> [Your assignment] Having located "Mercedes-Benz SPRINTER 516 - 10" in the listing below, write out its line and every following line exactly, last line included, without the pictures.

> [Data shown]
----

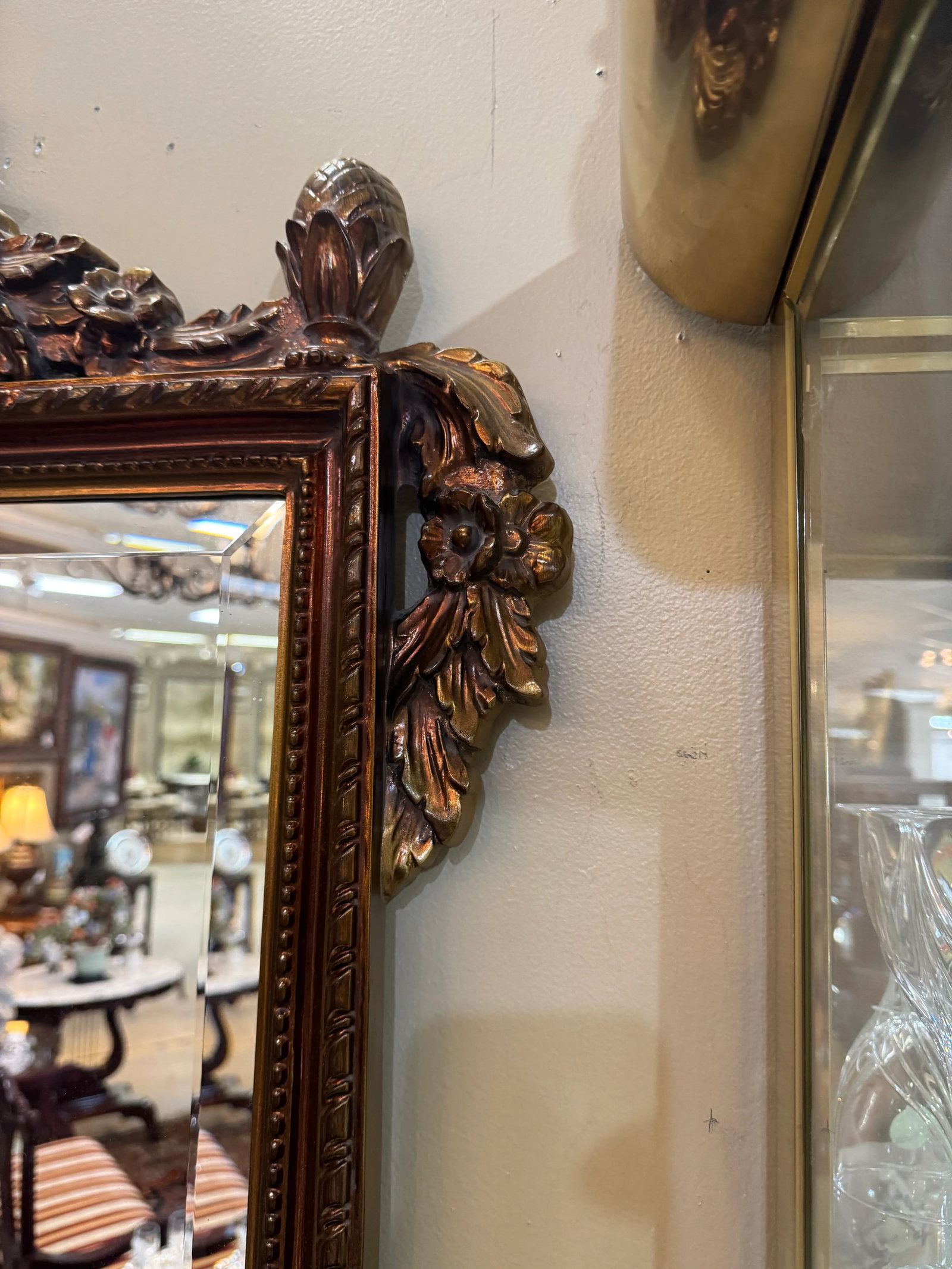Vintage Carolina Mirror Company Giltwood Mirror in the Louis XV Style - 7
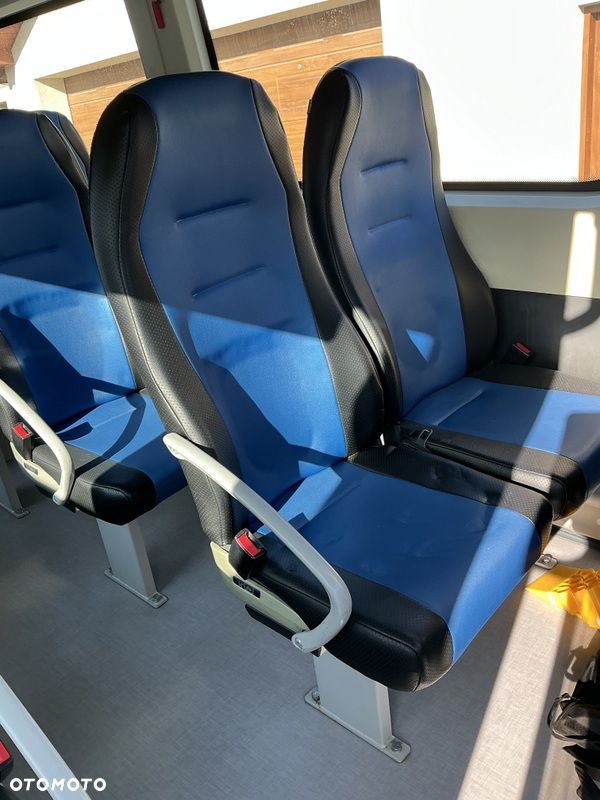 Mercedes-Benz SPRINTER 516 - 10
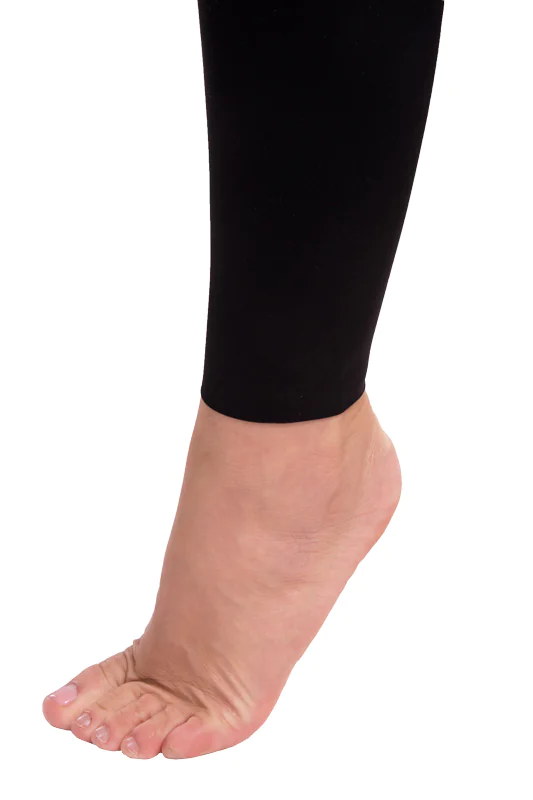 ACTIVE leggings - Slimming compression leggings that prevent water  retention in the body, cellulite and swelling of the legs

----

> [Written reply]
 Mercedes-Benz SPRINTER 516 - 10
 ACTIVE leggings - Slimming compression leggings that prevent water  retention in the body, cellulite and swelling of the legs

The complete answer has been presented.